Below this sentence is a listing; return exactly its lines from the one with "FRNCH Mustard Button Down Shirt" to the one with "Lit de jour", both kept, and nothing more.

--- START ---

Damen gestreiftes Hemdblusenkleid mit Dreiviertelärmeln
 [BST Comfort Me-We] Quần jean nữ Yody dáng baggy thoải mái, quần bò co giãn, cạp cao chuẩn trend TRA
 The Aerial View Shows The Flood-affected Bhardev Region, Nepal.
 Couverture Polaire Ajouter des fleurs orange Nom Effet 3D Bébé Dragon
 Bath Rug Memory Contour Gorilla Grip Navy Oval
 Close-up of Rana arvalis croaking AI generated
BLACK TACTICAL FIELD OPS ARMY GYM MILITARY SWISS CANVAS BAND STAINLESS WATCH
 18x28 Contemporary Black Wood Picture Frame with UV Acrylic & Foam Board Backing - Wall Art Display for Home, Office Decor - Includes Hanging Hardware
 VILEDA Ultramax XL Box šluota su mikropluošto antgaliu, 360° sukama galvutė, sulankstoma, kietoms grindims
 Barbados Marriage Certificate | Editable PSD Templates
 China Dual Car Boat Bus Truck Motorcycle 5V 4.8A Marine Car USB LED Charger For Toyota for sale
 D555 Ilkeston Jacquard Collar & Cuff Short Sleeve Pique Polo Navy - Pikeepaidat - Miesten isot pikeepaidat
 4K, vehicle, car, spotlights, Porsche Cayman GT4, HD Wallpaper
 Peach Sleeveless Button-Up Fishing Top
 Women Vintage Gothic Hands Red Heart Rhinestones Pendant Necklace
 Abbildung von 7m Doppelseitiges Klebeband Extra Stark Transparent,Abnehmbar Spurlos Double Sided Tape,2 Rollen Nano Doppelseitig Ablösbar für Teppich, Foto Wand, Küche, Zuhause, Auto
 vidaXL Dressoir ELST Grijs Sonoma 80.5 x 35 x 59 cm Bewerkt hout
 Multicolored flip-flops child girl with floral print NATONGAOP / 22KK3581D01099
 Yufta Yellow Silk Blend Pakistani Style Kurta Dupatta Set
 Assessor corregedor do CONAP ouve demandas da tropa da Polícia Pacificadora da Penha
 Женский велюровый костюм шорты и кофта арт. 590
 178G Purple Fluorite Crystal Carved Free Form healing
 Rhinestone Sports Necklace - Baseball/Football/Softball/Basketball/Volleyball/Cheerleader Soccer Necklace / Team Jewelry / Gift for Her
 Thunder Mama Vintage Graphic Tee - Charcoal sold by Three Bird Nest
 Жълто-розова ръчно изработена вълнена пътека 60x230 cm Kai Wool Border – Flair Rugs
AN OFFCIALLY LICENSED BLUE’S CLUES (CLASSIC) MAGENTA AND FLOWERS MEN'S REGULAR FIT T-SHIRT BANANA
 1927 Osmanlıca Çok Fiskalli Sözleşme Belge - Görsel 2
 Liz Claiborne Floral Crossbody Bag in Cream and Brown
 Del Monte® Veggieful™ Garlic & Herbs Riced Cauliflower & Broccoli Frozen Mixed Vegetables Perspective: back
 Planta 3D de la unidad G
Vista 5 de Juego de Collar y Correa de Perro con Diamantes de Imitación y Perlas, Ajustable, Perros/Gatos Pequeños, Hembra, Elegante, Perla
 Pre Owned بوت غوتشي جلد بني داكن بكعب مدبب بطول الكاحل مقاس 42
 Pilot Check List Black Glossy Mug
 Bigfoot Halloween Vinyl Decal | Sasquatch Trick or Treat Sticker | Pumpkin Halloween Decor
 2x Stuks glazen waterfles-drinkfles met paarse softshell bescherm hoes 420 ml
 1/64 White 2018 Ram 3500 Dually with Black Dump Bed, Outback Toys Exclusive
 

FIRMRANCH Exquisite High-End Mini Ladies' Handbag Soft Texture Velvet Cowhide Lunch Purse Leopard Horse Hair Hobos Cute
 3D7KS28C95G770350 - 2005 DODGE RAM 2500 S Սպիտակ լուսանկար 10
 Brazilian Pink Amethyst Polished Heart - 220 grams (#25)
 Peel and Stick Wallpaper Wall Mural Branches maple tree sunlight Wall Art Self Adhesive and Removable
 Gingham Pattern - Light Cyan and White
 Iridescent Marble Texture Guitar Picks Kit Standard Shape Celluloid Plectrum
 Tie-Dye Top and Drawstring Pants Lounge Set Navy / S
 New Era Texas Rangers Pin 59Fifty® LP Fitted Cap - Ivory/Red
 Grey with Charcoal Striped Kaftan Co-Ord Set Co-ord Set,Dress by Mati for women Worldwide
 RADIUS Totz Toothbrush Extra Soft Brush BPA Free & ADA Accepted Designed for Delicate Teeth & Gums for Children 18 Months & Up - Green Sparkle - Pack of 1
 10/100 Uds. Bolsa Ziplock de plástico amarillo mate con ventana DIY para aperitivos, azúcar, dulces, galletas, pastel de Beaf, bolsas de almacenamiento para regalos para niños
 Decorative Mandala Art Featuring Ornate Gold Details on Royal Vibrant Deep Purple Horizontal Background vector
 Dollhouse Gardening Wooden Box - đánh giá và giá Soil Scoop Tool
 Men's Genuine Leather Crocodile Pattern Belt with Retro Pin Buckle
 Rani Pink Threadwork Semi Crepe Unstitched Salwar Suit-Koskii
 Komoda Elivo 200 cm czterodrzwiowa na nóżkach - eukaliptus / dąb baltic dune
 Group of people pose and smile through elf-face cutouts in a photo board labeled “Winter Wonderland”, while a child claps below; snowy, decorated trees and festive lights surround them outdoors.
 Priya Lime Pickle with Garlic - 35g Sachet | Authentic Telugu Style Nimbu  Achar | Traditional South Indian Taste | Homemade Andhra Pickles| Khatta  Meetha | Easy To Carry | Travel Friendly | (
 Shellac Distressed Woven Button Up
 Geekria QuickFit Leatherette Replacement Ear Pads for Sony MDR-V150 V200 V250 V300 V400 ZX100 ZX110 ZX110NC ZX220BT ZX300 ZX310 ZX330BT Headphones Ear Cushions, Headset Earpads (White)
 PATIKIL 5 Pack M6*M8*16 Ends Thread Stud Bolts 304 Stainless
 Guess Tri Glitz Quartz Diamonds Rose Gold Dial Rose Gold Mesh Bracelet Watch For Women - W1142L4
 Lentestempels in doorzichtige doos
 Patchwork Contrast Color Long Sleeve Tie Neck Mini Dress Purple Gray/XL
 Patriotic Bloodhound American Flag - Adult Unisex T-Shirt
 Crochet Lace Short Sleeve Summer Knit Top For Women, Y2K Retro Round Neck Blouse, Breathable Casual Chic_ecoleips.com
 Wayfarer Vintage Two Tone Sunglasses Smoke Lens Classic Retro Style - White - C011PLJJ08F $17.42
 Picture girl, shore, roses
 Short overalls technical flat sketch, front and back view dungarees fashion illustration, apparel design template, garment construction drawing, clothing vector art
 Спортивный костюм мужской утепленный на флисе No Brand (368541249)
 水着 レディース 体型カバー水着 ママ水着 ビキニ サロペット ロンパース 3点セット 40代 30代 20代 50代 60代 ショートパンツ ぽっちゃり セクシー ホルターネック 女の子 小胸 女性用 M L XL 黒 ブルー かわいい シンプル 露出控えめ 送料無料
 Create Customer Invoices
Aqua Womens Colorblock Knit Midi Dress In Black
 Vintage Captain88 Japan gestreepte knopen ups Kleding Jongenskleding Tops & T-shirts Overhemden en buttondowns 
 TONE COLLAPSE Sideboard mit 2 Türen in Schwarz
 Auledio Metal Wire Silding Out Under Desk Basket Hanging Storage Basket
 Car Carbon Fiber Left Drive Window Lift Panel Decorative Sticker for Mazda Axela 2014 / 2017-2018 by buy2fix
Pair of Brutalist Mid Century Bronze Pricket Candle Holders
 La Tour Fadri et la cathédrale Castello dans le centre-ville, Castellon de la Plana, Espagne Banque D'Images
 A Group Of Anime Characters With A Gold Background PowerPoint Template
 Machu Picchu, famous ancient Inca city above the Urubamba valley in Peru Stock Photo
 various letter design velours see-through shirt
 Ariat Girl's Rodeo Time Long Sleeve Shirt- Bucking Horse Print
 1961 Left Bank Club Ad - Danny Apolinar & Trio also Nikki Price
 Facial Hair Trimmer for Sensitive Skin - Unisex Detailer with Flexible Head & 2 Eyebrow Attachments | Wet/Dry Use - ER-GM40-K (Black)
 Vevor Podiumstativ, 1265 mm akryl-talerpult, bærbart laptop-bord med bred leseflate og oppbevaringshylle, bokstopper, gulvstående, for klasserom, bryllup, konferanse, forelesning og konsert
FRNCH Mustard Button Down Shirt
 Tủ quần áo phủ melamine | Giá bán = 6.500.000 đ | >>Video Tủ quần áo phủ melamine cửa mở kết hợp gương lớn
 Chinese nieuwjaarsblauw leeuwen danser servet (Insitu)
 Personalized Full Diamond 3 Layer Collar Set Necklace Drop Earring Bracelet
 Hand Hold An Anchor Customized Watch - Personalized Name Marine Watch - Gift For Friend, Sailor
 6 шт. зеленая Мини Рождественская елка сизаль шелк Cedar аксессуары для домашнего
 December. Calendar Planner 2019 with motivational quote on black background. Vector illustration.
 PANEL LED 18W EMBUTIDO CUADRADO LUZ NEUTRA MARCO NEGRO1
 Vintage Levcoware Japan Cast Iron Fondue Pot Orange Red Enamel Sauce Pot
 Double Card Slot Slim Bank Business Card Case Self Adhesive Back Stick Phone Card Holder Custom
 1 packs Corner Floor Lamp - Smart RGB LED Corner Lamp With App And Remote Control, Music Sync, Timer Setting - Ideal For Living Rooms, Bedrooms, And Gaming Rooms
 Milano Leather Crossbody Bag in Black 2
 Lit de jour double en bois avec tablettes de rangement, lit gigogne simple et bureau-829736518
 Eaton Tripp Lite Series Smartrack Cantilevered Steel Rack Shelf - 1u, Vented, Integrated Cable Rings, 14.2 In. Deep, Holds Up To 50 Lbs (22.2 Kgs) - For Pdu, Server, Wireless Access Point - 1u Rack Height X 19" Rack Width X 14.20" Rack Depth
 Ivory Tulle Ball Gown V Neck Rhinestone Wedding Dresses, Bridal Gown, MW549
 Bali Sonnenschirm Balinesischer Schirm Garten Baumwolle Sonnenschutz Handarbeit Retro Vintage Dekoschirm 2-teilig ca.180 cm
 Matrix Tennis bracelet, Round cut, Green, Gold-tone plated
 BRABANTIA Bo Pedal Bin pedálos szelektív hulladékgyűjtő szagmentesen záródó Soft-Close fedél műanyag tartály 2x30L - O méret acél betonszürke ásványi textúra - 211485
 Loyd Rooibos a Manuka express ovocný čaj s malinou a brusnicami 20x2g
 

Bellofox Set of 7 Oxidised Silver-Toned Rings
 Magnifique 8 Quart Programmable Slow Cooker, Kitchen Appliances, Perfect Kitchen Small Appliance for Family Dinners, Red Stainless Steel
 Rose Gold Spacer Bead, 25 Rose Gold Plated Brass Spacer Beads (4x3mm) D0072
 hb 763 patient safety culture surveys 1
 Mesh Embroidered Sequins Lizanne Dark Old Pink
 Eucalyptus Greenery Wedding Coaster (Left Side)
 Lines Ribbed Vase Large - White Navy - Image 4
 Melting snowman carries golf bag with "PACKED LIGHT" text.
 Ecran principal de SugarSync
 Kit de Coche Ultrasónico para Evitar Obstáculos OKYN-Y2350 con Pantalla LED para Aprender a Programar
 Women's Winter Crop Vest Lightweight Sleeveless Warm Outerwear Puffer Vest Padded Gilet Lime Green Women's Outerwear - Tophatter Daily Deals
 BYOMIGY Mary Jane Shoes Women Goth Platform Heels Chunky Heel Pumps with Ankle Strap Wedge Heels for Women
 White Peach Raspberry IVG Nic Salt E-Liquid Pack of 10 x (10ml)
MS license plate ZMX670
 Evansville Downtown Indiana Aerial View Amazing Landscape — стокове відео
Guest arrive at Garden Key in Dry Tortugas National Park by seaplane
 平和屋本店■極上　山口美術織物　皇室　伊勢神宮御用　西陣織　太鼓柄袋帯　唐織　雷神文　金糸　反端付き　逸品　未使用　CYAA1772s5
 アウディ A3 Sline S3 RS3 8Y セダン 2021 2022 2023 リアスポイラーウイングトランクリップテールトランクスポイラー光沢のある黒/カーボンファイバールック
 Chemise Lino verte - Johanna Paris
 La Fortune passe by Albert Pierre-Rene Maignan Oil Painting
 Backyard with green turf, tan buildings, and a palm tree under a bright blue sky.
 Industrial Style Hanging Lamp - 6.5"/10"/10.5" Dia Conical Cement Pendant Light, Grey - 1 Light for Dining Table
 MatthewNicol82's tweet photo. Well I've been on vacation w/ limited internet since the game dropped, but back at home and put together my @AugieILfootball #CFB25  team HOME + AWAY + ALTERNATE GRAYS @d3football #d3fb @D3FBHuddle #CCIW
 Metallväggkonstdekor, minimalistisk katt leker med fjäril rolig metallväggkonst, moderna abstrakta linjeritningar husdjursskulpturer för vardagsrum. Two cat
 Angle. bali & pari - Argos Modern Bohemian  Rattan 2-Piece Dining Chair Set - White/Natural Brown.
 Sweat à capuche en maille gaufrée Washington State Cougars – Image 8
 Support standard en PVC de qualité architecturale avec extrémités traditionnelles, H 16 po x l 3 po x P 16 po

--- END ---

■ **Exercise output**
FRNCH Mustard Button Down Shirt
 Tủ quần áo phủ melamine | Giá bán = 6.500.000 đ | >>Video Tủ quần áo phủ melamine cửa mở kết hợp gương lớn
 Chinese nieuwjaarsblauw leeuwen danser servet (Insitu)
 Personalized Full Diamond 3 Layer Collar Set Necklace Drop Earring Bracelet
 Hand Hold An Anchor Customized Watch - Personalized Name Marine Watch - Gift For Friend, Sailor
 6 шт. зеленая Мини Рождественская елка сизаль шелк Cedar аксессуары для домашнего
 December. Calendar Planner 2019 with motivational quote on black background. Vector illustration.
 PANEL LED 18W EMBUTIDO CUADRADO LUZ NEUTRA MARCO NEGRO1
 Vintage Levcoware Japan Cast Iron Fondue Pot Orange Red Enamel Sauce Pot
 Double Card Slot Slim Bank Business Card Case Self Adhesive Back Stick Phone Card Holder Custom
 1 packs Corner Floor Lamp - Smart RGB LED Corner Lamp With App And Remote Control, Music Sync, Timer Setting - Ideal For Living Rooms, Bedrooms, And Gaming Rooms
 Milano Leather Crossbody Bag in Black 2
 Lit de jour double en bois avec tablettes de rangement, lit gigogne simple et bureau-829736518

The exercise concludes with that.